Yea or Nay?

An Intel exec is reported to have said it isn’t going to happen.

Others are saying that there’s initial silicon out there with x86-64 included.

A few points:

Paul Otellini may well have said sometime, somewhere, that x86-64 wasn’t in the cards.

That time was not in the speech he gave to the Securities Industry Association June 19. Here’s the transcript of that speech. The speech basically says Intel’s IA-64 servers are a lot more cost effective than multi-processor SPARC stations and the like.

Actually, the article doesn’t state that he said so in the speech, but rather in some sort of “report.

Looking a bit deeper into this, it appears the statements in question came during a press briefing, not the speech.

There is a line in the article which states, “Otellini said Intel is not planning chips that can handle both 32-bit and 64-bit code.” However, if you keep reading, it looks like he’s saying that Itanium chips won’t do both. Otherwise, the following comment doesn’t make much sense:

“By forgoing greater compatibility (i.e. running 32/64 bit code), Itanium can provide greater performance and ‘all the other things people care about,’ Otellini said.”

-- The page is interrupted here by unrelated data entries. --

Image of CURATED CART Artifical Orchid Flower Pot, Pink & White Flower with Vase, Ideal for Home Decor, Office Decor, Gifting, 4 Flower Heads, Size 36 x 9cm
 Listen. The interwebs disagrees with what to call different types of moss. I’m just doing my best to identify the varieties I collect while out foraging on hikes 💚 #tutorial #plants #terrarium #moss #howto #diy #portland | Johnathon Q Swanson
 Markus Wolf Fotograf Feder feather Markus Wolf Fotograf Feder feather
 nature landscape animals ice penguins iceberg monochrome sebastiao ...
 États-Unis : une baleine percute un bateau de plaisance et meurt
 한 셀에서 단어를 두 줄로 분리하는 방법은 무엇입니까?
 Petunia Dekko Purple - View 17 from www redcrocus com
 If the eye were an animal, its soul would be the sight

Additionally, the story ends with this line, ” . . . Otellini said Intel has reserved patents to extend its 32-bit Pentium and Xeon chips to handle 64-bit code.” That’s hardly the action of a company burning its bridges on x86-64.

Probably didn’t help that the author of the news.com piece doesn’t seem to know that x86-64 and IA-64 are incompatible standards.

It’s Not Either/Or

x86-64 and IA-64 aren’t necessarily fire and water, either. Intel could do both, and they could coexist. So if Intel says they’re committed to Itanium, that doesn’t mean Yamhill can’t happen, nor vice versa.

The Itaniums are not Xeons with 64-bit channels. These are far more complicated, sophisticated CPUs, with hundreds of millions of transistors as compared to tens of millions for desktop/light end server-level CPUs like Xeons (or Sledgehammers).

Itaniums aren’t aimed at anything AMD is going to come up with; they’re aimed at SPARC and targeted towards those who’d find a $45,000 server dirt cheap compared to what they’re paying now.

AMD’s strategy with Sledgehammer is basically to say, “If you think 45K is cheap, how does 15-20K sound?” Maybe not quite as good as members of this audience might think. For sure, Sledgehammer will find buyers for whom the cost difference makes a difference, but the securities industry probably won’t be one of them.

Keep in mind that in this market, Intel is the underdog trying to move in. AMD will be the underunderdog.

The biggest problem Intel will likely have has if it adopts x86-64 won’t be so much competing against Intel as competing against itself, as in “Why should we buy Itaniums rather than Prescott Xeons?”

They Don’t Have To Turn It On

Hyperthreading is built-into current Xeons; it’s just not used yet.

As we and others have stated repeatedly in the past, from a silicon standpoint, x86-64 is not that big a deal; it requires little silicon real estate and relatively few CPU changes. That’s why AMD liked it so much.

If I had to bet on this today, I would bet that Intel will include x86-64 in Prescott silicon to cover itself. We’re probably talking about 3 sq. mm of silicon using a 0.09 micron process. Then the issue becomes “Will they turn it on or not?” and that will depend on what happens in the market.

Please also keep in mind that we’re talking about a processor that won’t be out for another year, OK?